Your assignment
Could the records be returned exactly, with the pictures left out?

-*-*-

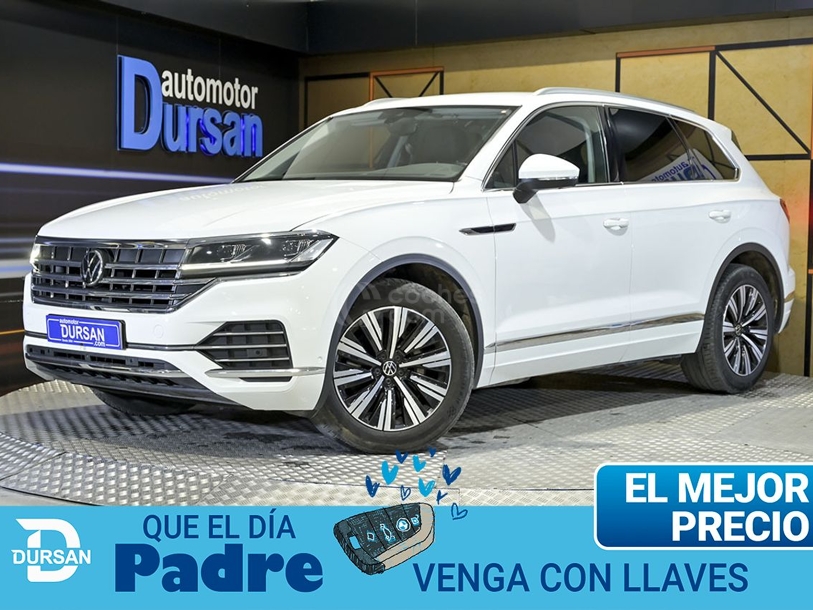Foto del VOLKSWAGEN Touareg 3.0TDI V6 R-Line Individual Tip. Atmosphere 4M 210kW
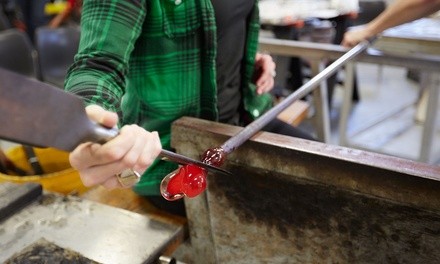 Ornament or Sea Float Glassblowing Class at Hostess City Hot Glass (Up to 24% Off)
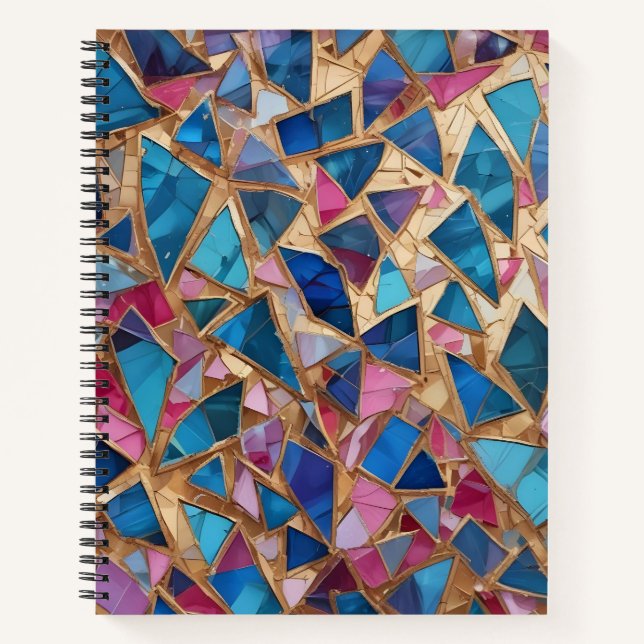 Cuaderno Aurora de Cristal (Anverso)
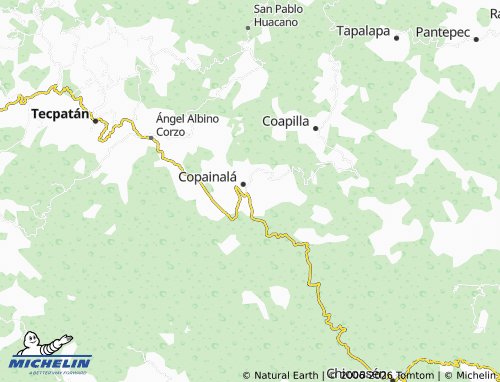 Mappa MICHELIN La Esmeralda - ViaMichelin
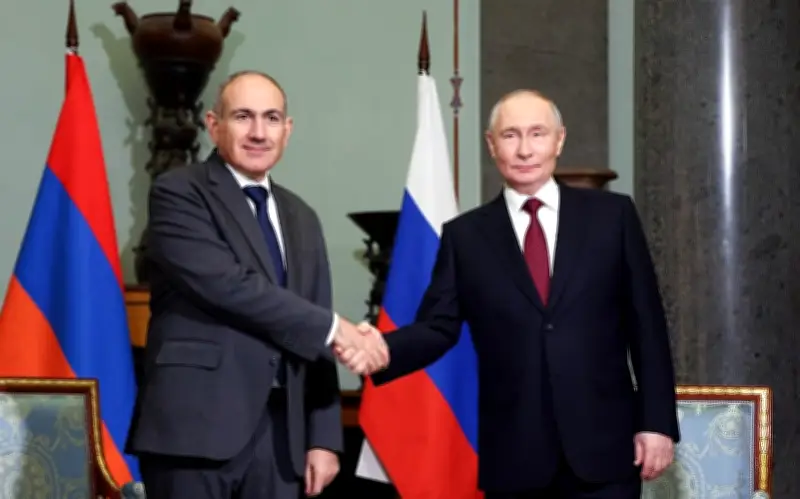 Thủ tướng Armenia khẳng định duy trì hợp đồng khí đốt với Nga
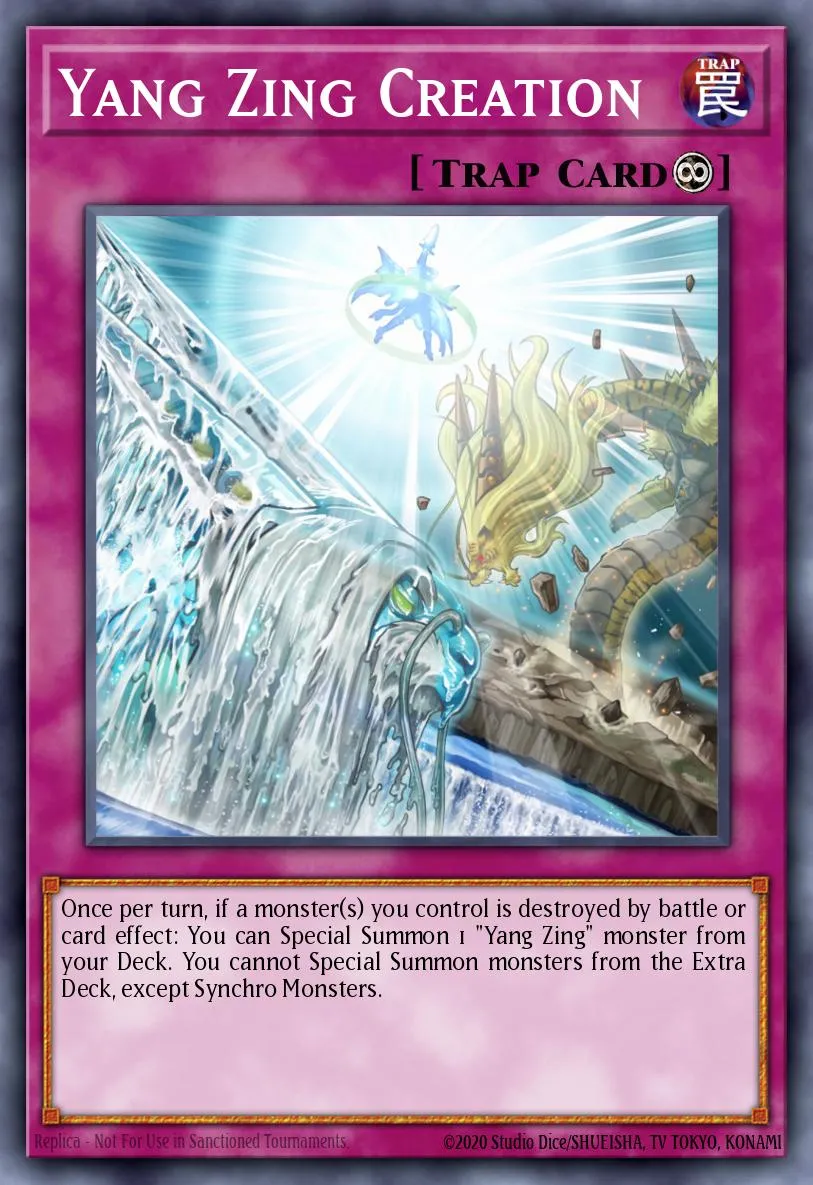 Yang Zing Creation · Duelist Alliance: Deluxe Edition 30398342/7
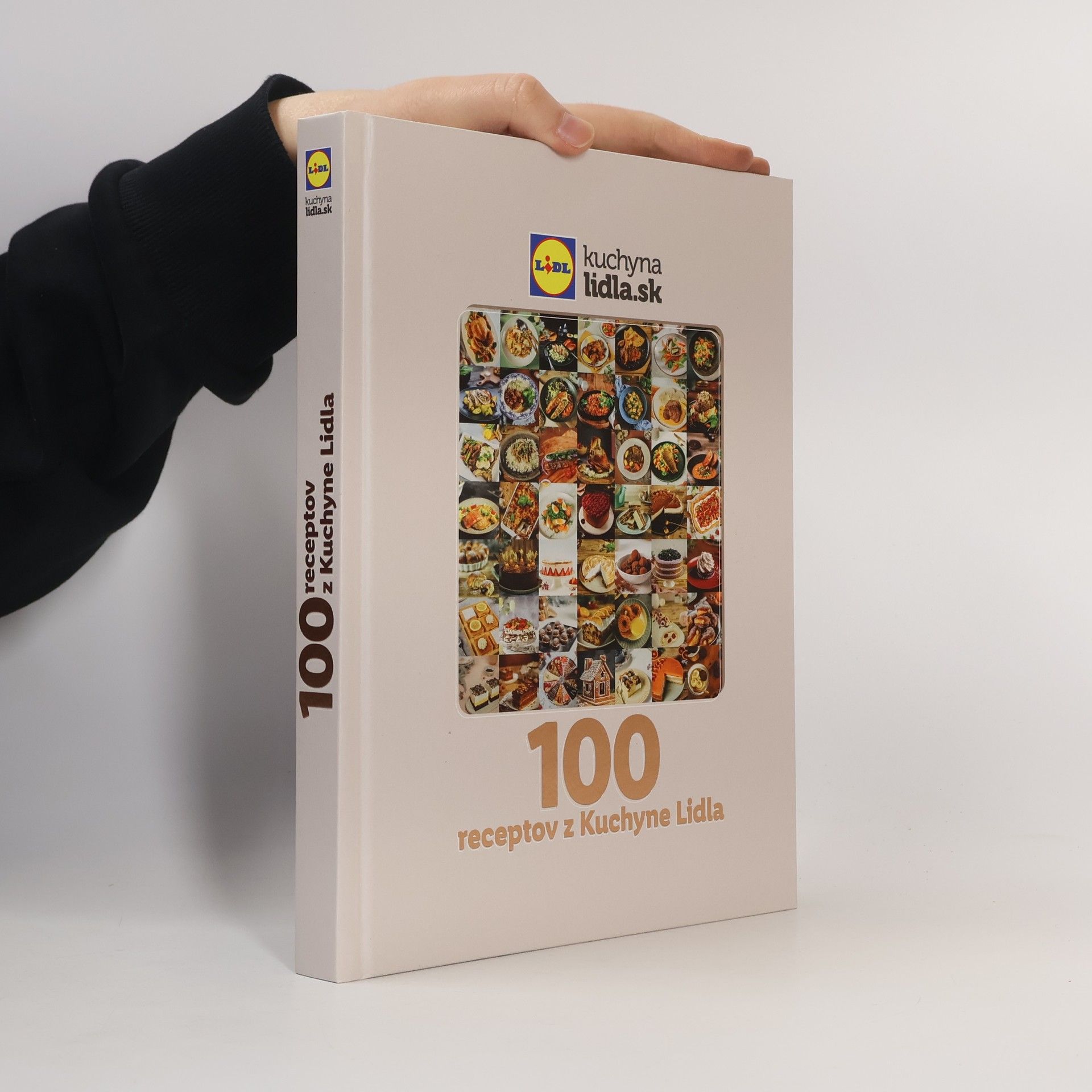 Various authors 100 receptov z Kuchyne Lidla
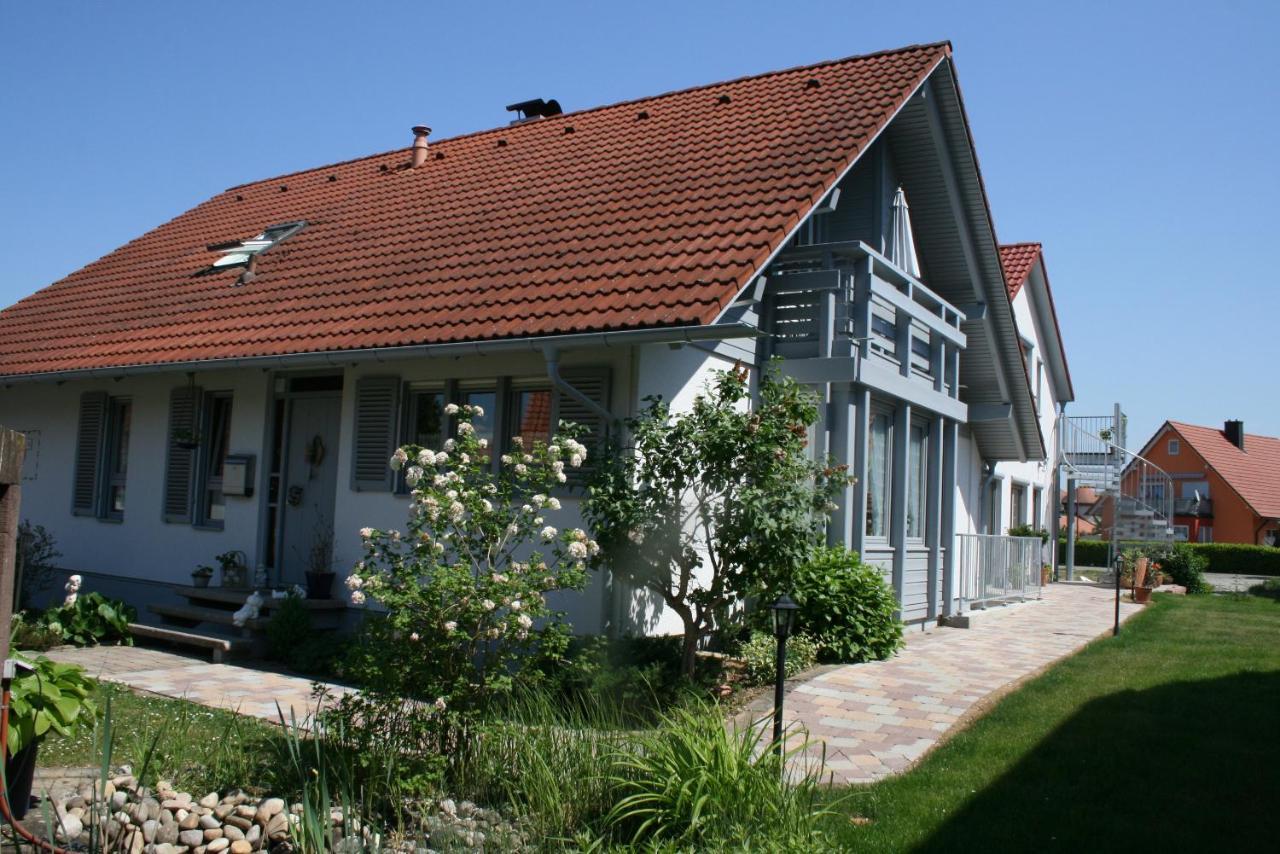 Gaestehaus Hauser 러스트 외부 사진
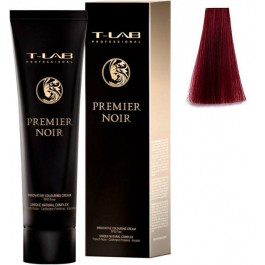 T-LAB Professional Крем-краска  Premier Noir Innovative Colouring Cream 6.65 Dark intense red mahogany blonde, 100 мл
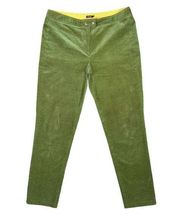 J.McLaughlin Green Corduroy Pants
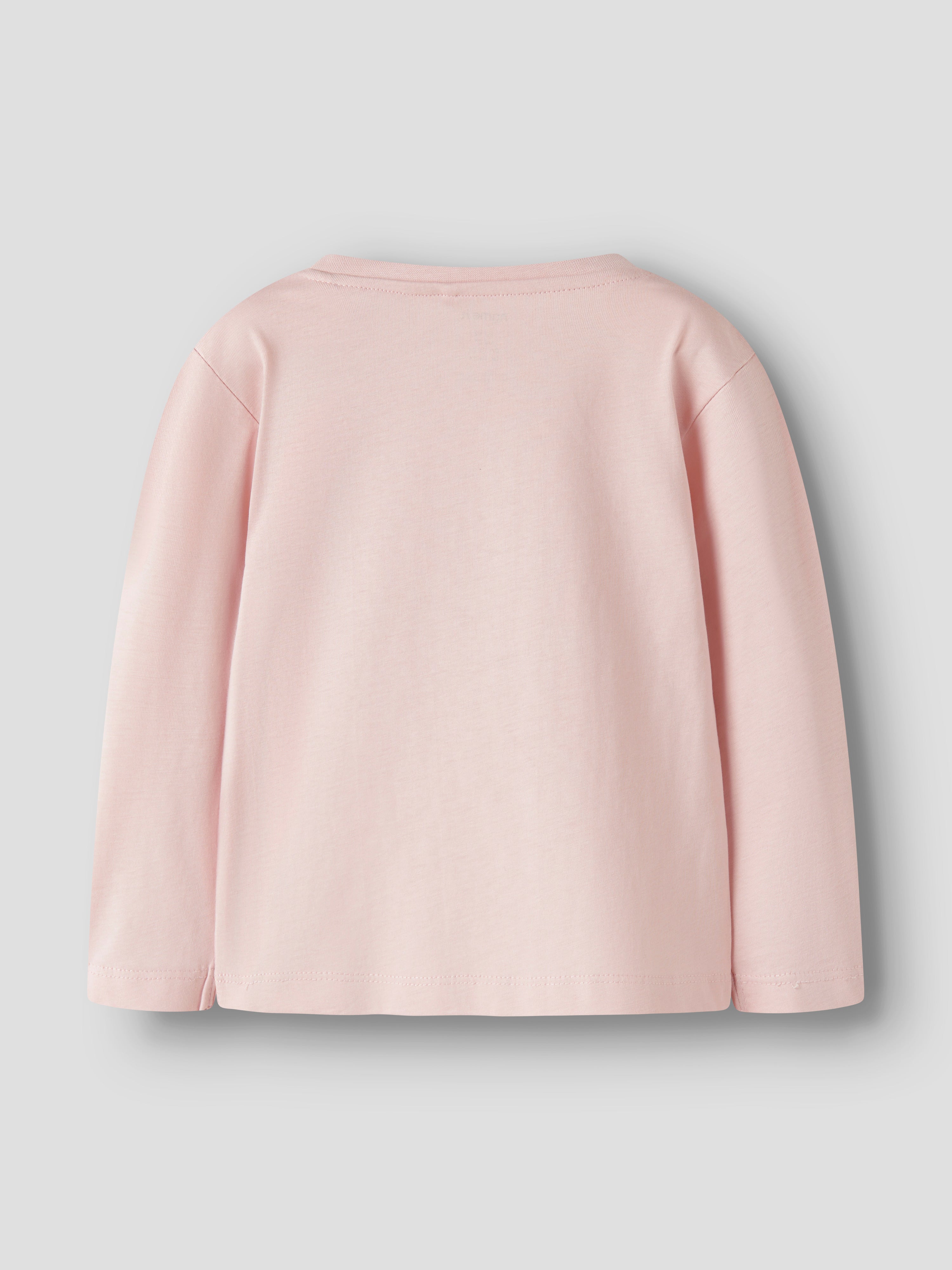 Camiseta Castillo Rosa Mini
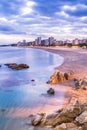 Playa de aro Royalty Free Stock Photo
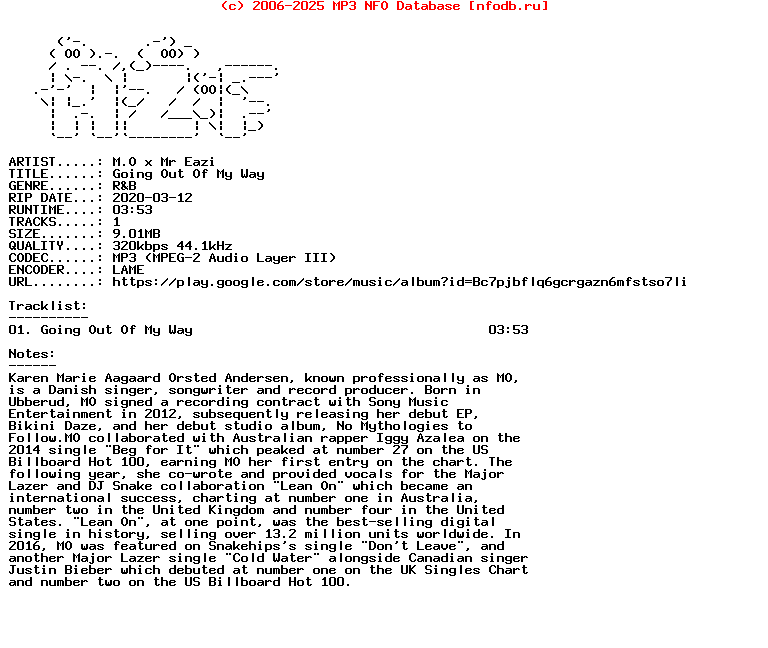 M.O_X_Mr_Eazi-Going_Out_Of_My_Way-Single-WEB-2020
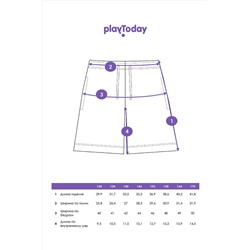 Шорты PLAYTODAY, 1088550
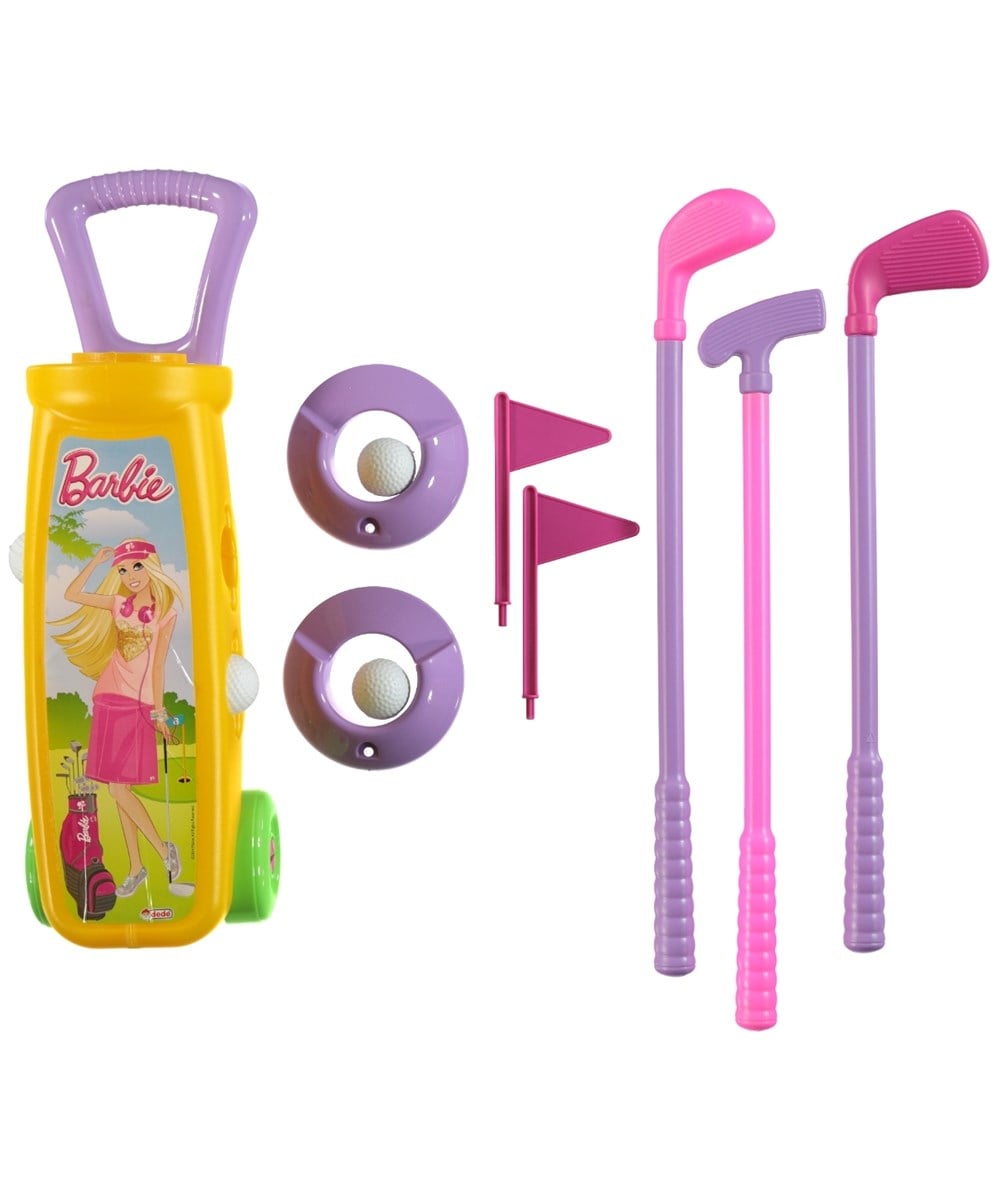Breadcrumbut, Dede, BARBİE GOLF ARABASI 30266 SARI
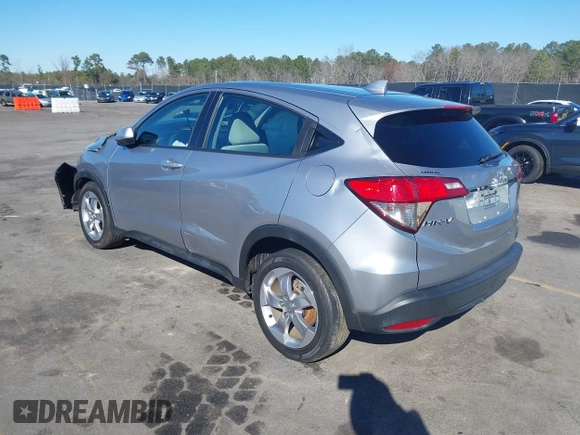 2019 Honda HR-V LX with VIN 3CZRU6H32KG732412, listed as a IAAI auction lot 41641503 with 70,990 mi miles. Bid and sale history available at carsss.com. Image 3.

-*-*-

Answer to the problem
Foto del VOLKSWAGEN Touareg 3.0TDI V6 R-Line Individual Tip. Atmosphere 4M 210kW
 Ornament or Sea Float Glassblowing Class at Hostess City Hot Glass (Up to 24% Off)
 Cuaderno Aurora de Cristal (Anverso)
 Mappa MICHELIN La Esmeralda - ViaMichelin
 Thủ tướng Armenia khẳng định duy trì hợp đồng khí đốt với Nga
 Yang Zing Creation · Duelist Alliance: Deluxe Edition 30398342/7
 Various authors 100 receptov z Kuchyne Lidla
 Gaestehaus Hauser 러스트 외부 사진
 T-LAB Professional Крем-краска  Premier Noir Innovative Colouring Cream 6.65 Dark intense red mahogany blonde, 100 мл
 J.McLaughlin Green Corduroy Pants
 Camiseta Castillo Rosa Mini
 Playa de aro Royalty Free Stock Photo
 M.O_X_Mr_Eazi-Going_Out_Of_My_Way-Single-WEB-2020
 Шорты PLAYTODAY, 1088550
Breadcrumbut, Dede, BARBİE GOLF ARABASI 30266 SARI
 2019 Honda HR-V LX with VIN 3CZRU6H32KG732412, listed as a IAAI auction lot 41641503 with 70,990 mi miles. Bid and sale history available at carsss.com. Image 3.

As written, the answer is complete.